Rust's standard library takes this very seriously. In many languages if I try to sort() things which refuse to abide by common sense rules like "Having a consistent sort order" the algorithm used may blow up arbitrarily. But Rust's sort() is robust against that. You may create an infinite loop (legal in Rust, causes Undefined Behaviour in C++) and the result of sorting things without a meaningful ordering is unlikely to be helpful if it does finish, but it's guaranteed to be safe, you won't get Undefined Behaviour.


Rust's npm like approach to crates and micro approach to standard library make it a real problem, regardless of the quality approach to the standard library.

You would have a point if the standard library was batteries included.

When a language sells safety it has to go all in.


Cargo-geiger and similar tools allow you to audit crates you depend on to discover whether they're definitely safe.

Of course just because some Rust is unsafe does not mean it's wrong, it just means that you're relying on it being correct as you have to with all code in unsafe languages.


Even those tools don't validate data corruption, using perfectly safe Rust accessing a table row from multiple threads without being protected from a transaction block or a table row lock.

Hence why doing blank statements like Rust prevents data races, without the context when that is actually 100% true, does no favours to the language advocacy.


Data corruption isn't a data race.

I think what you're imagining is just "What if people use Rust to write bad SQL queries?" which again, not a data race. Stupid perhaps, unlikely to give them the results they expected, but not a data race.


I am thinking that data races in the scenario of multiple threads accessing a global variable is sold too often, and everything else gets ignored.

While a relevant progress versus what other systems languages are capable of, it still leaves too much out of the table, that tends to be ignored when discussing data consistency safety.

Stuff that usually requires formal methods or TLA+ approaches to guarantee everything goes as smooth as possible.


The context here, right up at the top of the thread where perhaps you've forgotten it, is that (safe) Rust gets you Sequential Consistency, since it has Data Race Freedom.

This makes debugging easier, in the important sense that humans don't seem to be equipped to debug non-trivial programs at all unless they exhibit Sequential Consistency. It's easy enough to write a program for modern computers which doesn't have Sequential Consistency, but it hurts your head too much to debug it.
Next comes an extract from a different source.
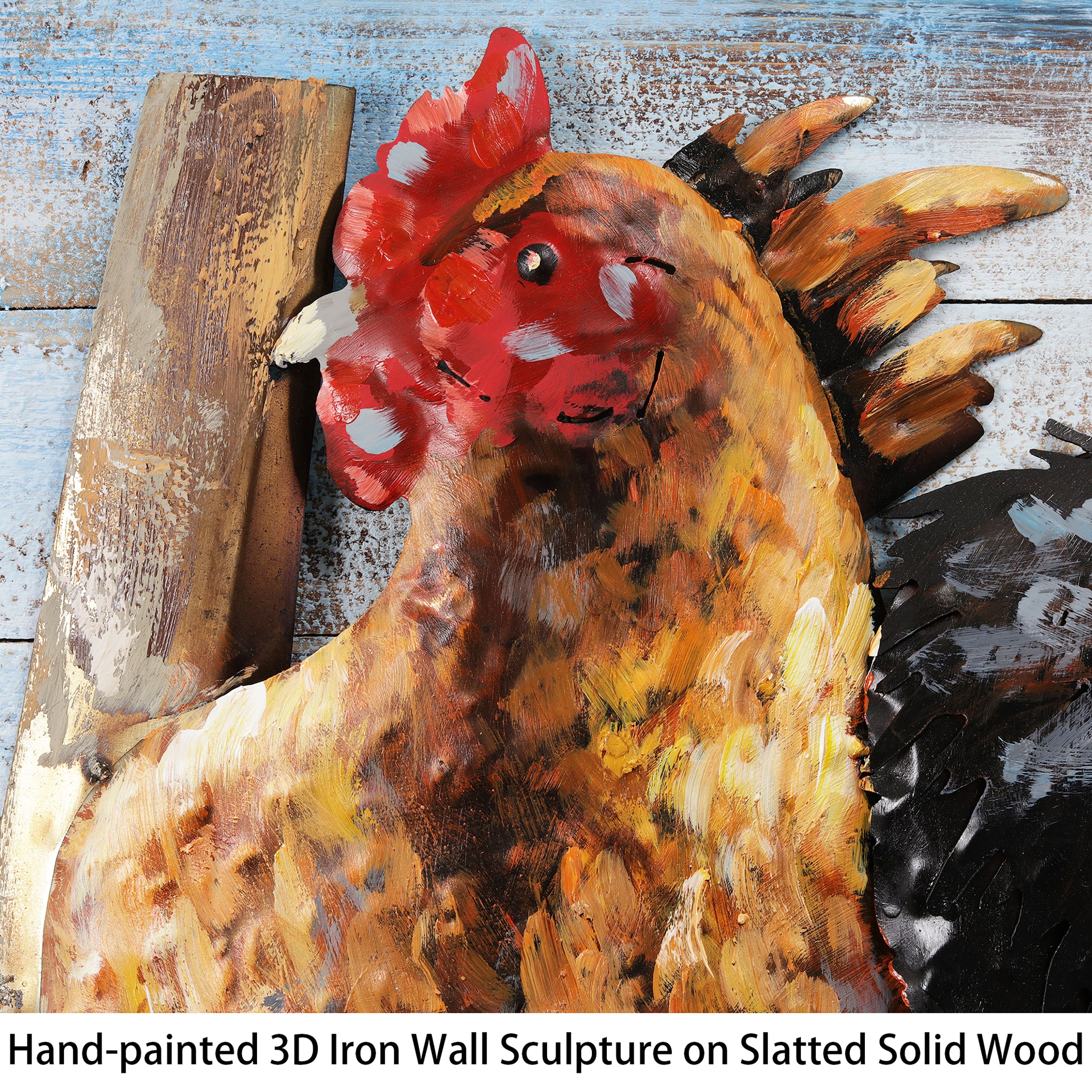 Empire Art Direct 24" x 60" Chickens Hand-painted Iron Wall Sculpture with Solid Wood Frame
With your C++ hat on, this might seem like a distinction that doesn't make a difference, lack of Data Race Freedom in a C++ program results in Undefined Behaviour, but so does a buffer overrun, null pointer dereference, signed overflow, and so many other trivial mistakes. So many that as I understand it an entire C++ sub-committee is trying to enumerate them. Thus for a C++ programmer of course any mistake can cause mysterious impossible-to-debug problems so Data Race Freedom doesn't seem important.

Try your Java hat. In Java data races can happen but they don't cause Undefined Behaviour. Write a Java program with a data race. It's hard to reason about what it's doing! It can seem as though some variables take on inexplicable values, or program control flow isn't what you wrote. If you introduce such a race into a complex system you should see that it would be impractical to debug it. Most likely you'd just add mitigations and go home. This is loss of Sequential Consistency in its tamest form, and this is what safe Rust promises to avert.


If you are very zealous and use lots of C++17/20 magic, you can prevent lots of runtime bugs with C++ too by doing basically the same stuff you do in Rust (RAII, move semantics, use concepts, etc). Sadly that's not doable in C#.


Move in particular is painful in C++ because to make it work C++ needs to invent these "hollowed out" objects that would be safe to deallocate after there's no longer a real value inside them. Rust doesn't need to do that.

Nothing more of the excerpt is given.